RECORD EXCERPTS:
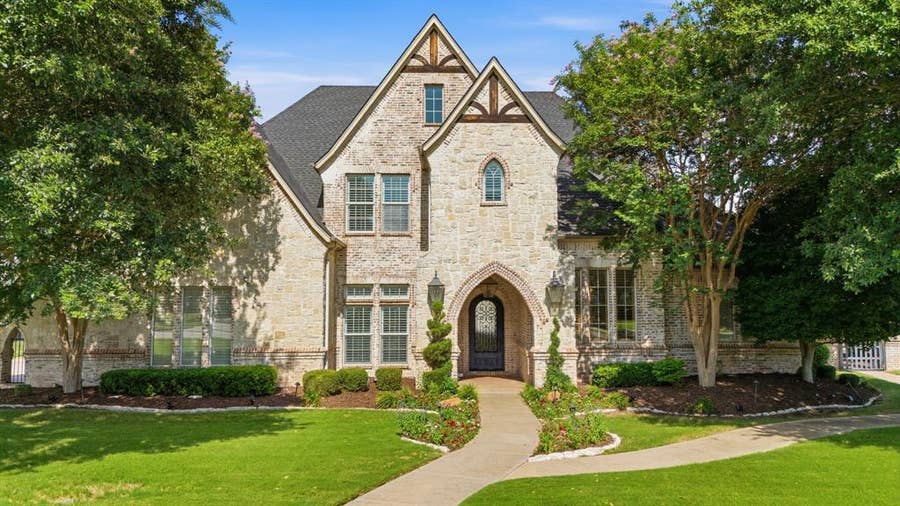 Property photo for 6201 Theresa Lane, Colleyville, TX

==

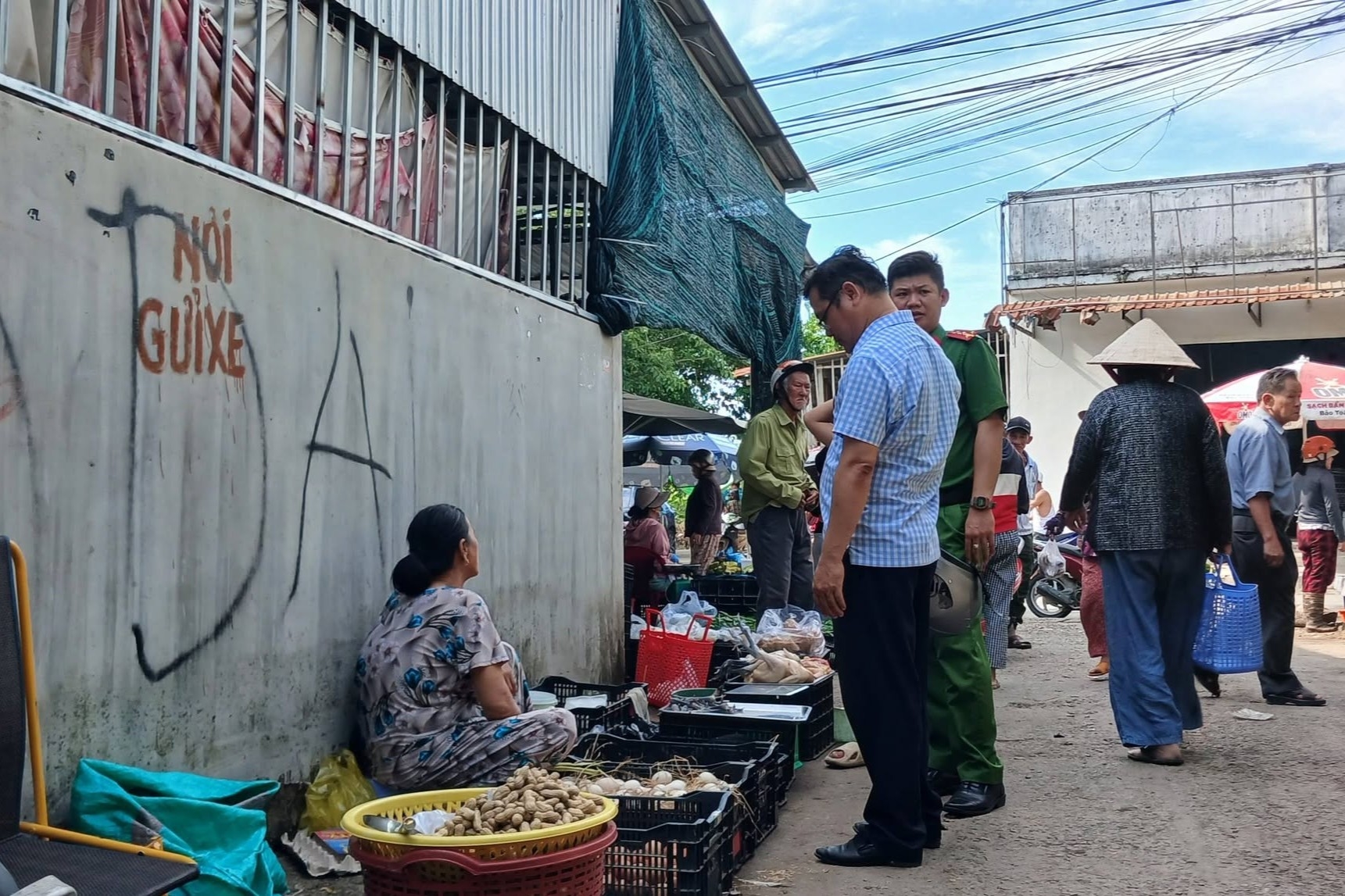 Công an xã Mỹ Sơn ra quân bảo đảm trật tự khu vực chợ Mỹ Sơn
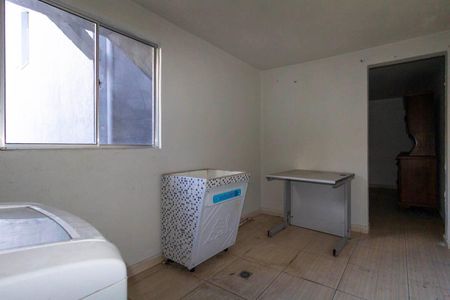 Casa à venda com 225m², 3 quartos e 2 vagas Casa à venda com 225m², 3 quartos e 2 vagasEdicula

---

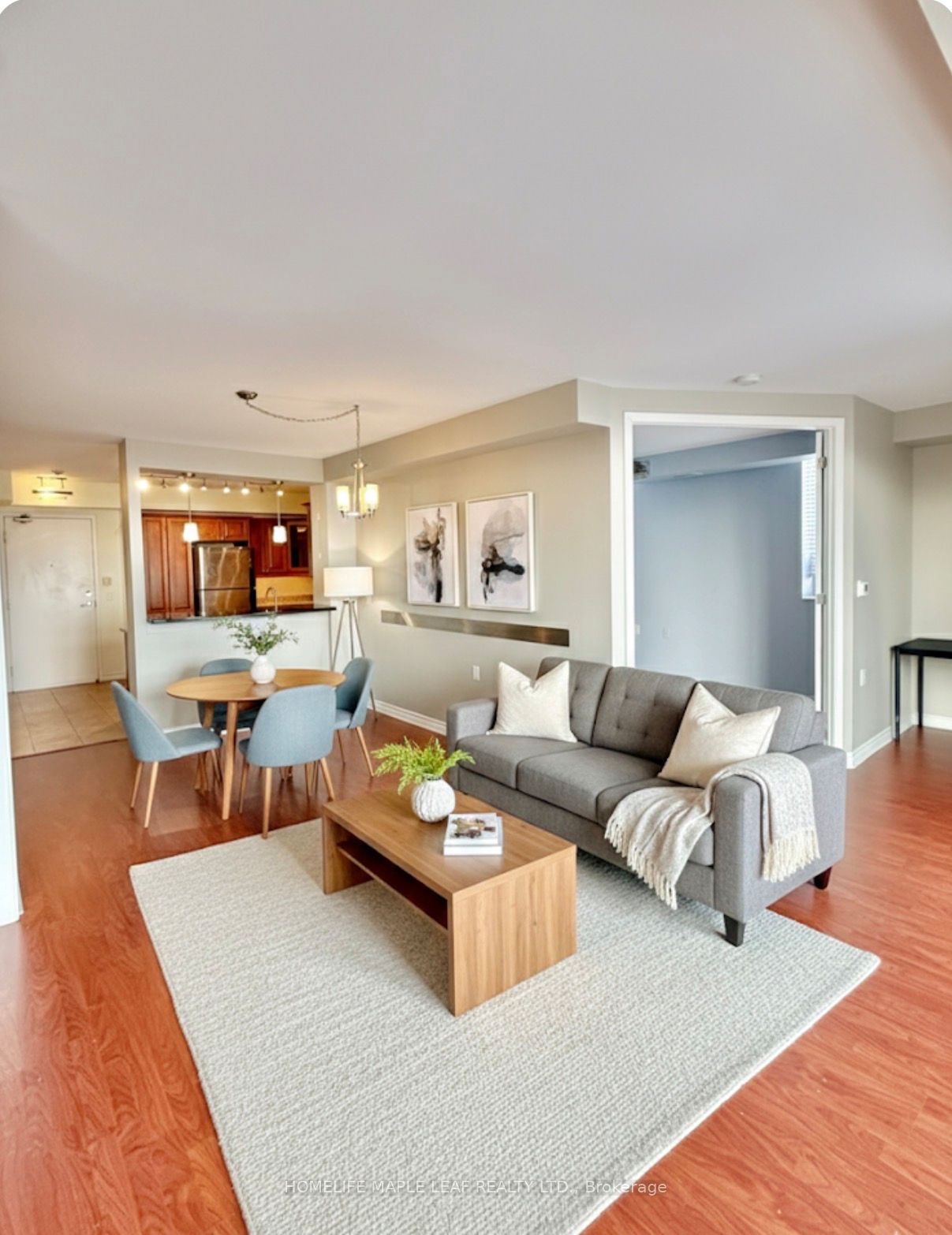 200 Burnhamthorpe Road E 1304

INSTRUCTIONS TO FOLLOW: Every line from the one with "Công an xã Mỹ" through the one with "Casa à venda com 225m², 3 quartos e 2 vagas Casa" is to be reproduced exactly as written above, and the pictures are to be dropped.

ANSWER TO THIS TASK:
 Công an xã Mỹ Sơn ra quân bảo đảm trật tự khu vực chợ Mỹ Sơn
 Casa à venda com 225m², 3 quartos e 2 vagas Casa à venda com 225m², 3 quartos e 2 vagasEdicula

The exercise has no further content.